O novo relatório aponta que apenas 20% desses casos estão devidamente diagnosticados. “É assustador. É difícil tanto o acesso a testes diagnósticos e quanto a profissionais capacitados”, afirma o neurologista Paulo Caramelli, professor da UFMG (Universidade Federal de Minas Gerais).
Um estudo liderado por sua equipe no município de Caeté (MG) chegou a conclusões parecidas ao do relatório: apenas 21% das pessoas identificadas com demência tinham o diagnóstico conhecido.
O geriatra Jean Pierre de Alencar, tesoureiro da Febraz (Federação Brasileira das Associações de Alzheimer), afirma que uma consulta com especialista no SUS para diagnóstico de demência tem levado entre quatro e seis meses.

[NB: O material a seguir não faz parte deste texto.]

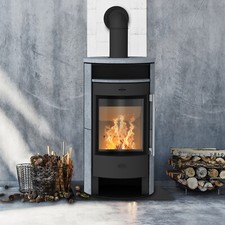Fireplace Durango Kaminofen 6 kW Stahl Schwarz Speckstein Holzfach Warmhaltefach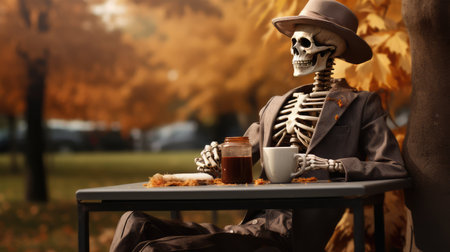 autumn skeleton drinking coffeeの素材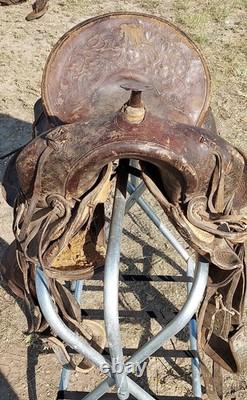 Vintage Stephens Jeffery Lewistown Mt. Square Skirt- 14½ Western Saddle As Is
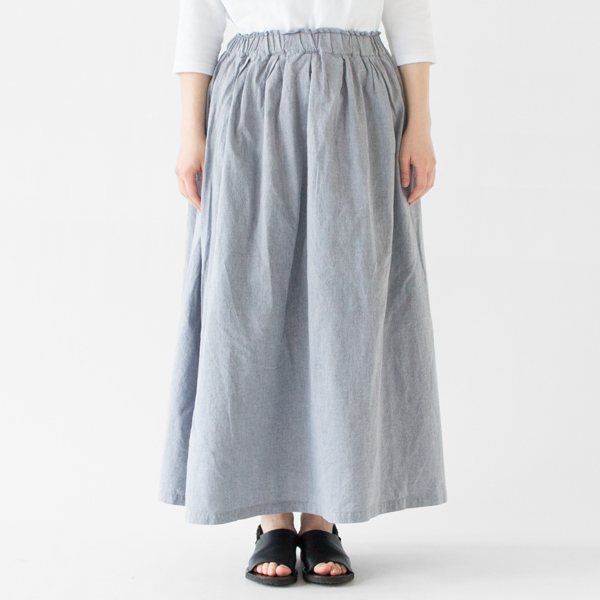 SPREAD コットンギャザースカート(NAVY)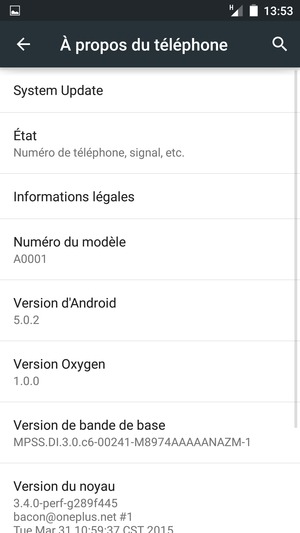 Sélectionnez System Update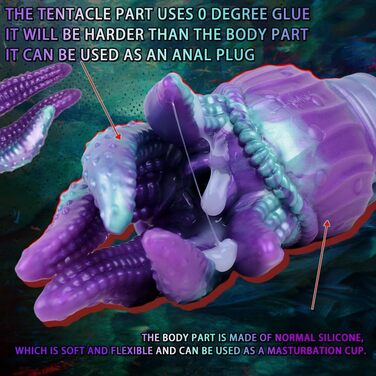 Масажер для чоловіків Silikon Octopus Tentacle 872г – Реалістичний секс-іграшка з силікону, Октопус, Клітор, Анальний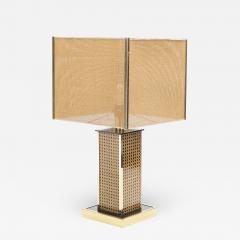 Mid century Italian brass lacquer cane table lamp 1970s - 1685042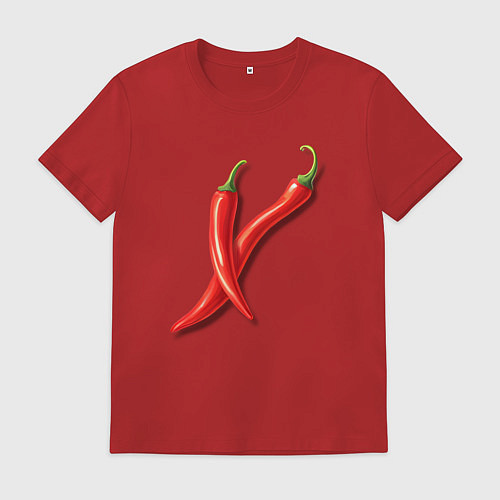 Мужская футболка Два чили перчика / Красный – фото 1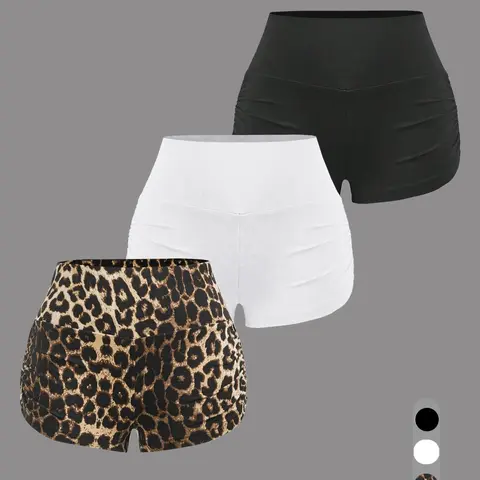 Women's Solid / All Over Print Skinny Fit, Casual Comfy Breathable Basic High Waist Shorts for Daily Wear, Everyday Shorts, Ladies Bottoms for Summer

“A gente tem em torno de uns 13 mil geriatrias, psiquiatras e neurologistas para uma população [com demências] de quase 2 milhões. A atenção básica precisa estar mais bem capacitada para fazer esse diagnóstico”, diz. A Febraz oferece curso gratuito de capacitação a médicos da atenção primária.
A prevenção do Alzheimer ganhou força após relatório publicado pela revista The Lancet mostrar que 40% demências estão relacionados a 12 fatores de risco modificáveis, entre os quais a baixa escolaridade, o sedentarismo, o tabagismo, o não tratamento da perda auditiva e o descontrole dos níveis de colesterol, de glicemia e de pressão arterial.
Há uma projeção de que em países da América Latina, como o Brasil, até 56% dos fatores de risco para demência sejam passíveis de prevenção. Ocorre que a maioria desses fatores não está sob controle.
O SUS oferta remédios capazes de retardar o progresso da doença e de minimizar os distúrbios de humor e comportamento, mas o acesso a uma equipe multidisciplinar para acompanhar o paciente ainda é escasso.
“Não dá para tratar demência só com remédio e um médico sozinho, tem que ter uma integração de profissionais qualificados, como neuropsicólogos, terapeutas ocupacionais, fonoaudiólogo. As famílias não conseguem bancar isso”, diz Alencar.
O ambulatório de idoso de Casa Branca, a 230 km da capital paulista, é uma das exceções. Com dois geriatras, o serviço está adaptado para receber idosos com demência e tem uma gerontóloga especializada em reabilitação cognitiva.
Os idosos e os cuidadores são acompanhados individualmente em sessões de reabilitação cognitiva. E, no mesmo serviço, há atividades semanais em grupo de estimulação cognitiva.
De acordo com o relatório, as despesas totais com a demência variam de acordo com o grau da doença. O custo per capita vai de R$ 2.082 no estágio leve, pula para R$ 3.255 no moderado e chega quase a R$ 4.000 no estágio avançado.
Além da falta de acesso, Cleusa Ferri chama a atenção para o estigma e a desinformação em torno das demências até entre os profissionais de saúde. “Dois terços dos que responderam ao levantamento acham que a demência é própria da idade”, diz.
Lígia Gualberto, da coordenação de saúde da pessoa idosa na Atenção Primária do Ministério da Saúde, afirma que a atual gestão está fortalecendo a atenção primária por meio de ações estruturantes, que envolvem o aumento de equipes de saúde da família e de equipes multidisciplinares.
Ela diz que são necessários tempo de consulta adequado e equipes de saúde da família proporcionais para cuidar dos territórios. “Não se faz diagnóstico de demência nem em pronto-socorro e nem em porta de UPAs (Unidades de Pronto-Atendimento).”
Para ela, por conhecer as pessoas de longa data, os profissionais das equipes de saúde da família podem fazer o diagnóstico e o acompanhamento das pessoas com demência.
De acordo com o relatório, é preciso um olhar especial para os cuidadores de pessoas vivendo com demências. Com média de 58 anos, 71,4% apresenta sinais de sobrecarga e 45%, de ansiedade e depressão. A principal queixa é não poder contar com um cuidador reserva. O tempo médio diário dedicado a esse cuidado é de 10 horas e 12 minutos.